* **TRY IT**
Print all the records below, word for word and in full.

* **Excerpts from a dataset**
--

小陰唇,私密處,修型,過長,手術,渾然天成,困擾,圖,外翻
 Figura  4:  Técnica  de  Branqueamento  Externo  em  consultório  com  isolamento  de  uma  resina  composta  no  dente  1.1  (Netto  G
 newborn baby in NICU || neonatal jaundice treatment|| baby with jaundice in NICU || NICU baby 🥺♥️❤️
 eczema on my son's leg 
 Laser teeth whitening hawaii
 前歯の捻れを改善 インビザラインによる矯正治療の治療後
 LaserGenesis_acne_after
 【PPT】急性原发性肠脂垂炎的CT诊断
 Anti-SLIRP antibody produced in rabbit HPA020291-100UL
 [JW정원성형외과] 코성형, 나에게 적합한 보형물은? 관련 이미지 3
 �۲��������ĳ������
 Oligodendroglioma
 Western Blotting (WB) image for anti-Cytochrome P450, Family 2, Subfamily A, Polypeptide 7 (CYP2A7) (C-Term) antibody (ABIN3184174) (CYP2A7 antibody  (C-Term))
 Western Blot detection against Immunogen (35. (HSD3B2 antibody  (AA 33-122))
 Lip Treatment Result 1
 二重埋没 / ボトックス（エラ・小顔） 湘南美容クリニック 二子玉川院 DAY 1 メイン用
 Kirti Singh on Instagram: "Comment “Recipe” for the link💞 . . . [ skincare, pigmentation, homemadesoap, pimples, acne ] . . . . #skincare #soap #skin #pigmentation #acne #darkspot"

--

* **SOLUTION TO THIS PROBLEM**
小陰唇,私密處,修型,過長,手術,渾然天成,困擾,圖,外翻
 Figura  4:  Técnica  de  Branqueamento  Externo  em  consultório  com  isolamento  de  uma  resina  composta  no  dente  1.1  (Netto  G
 newborn baby in NICU || neonatal jaundice treatment|| baby with jaundice in NICU || NICU baby 🥺♥️❤️
 eczema on my son's leg 
 Laser teeth whitening hawaii
 前歯の捻れを改善 インビザラインによる矯正治療の治療後
 LaserGenesis_acne_after
 【PPT】急性原发性肠脂垂炎的CT诊断
 Anti-SLIRP antibody produced in rabbit HPA020291-100UL
 [JW정원성형외과] 코성형, 나에게 적합한 보형물은? 관련 이미지 3
 �۲��������ĳ������
 Oligodendroglioma
 Western Blotting (WB) image for anti-Cytochrome P450, Family 2, Subfamily A, Polypeptide 7 (CYP2A7) (C-Term) antibody (ABIN3184174) (CYP2A7 antibody  (C-Term))
 Western Blot detection against Immunogen (35. (HSD3B2 antibody  (AA 33-122))
 Lip Treatment Result 1
 二重埋没 / ボトックス（エラ・小顔） 湘南美容クリニック 二子玉川院 DAY 1 メイン用
 Kirti Singh on Instagram: "Comment “Recipe” for the link💞 . . . [ skincare, pigmentation, homemadesoap, pimples, acne ] . . . . #skincare #soap #skin #pigmentation #acne #darkspot"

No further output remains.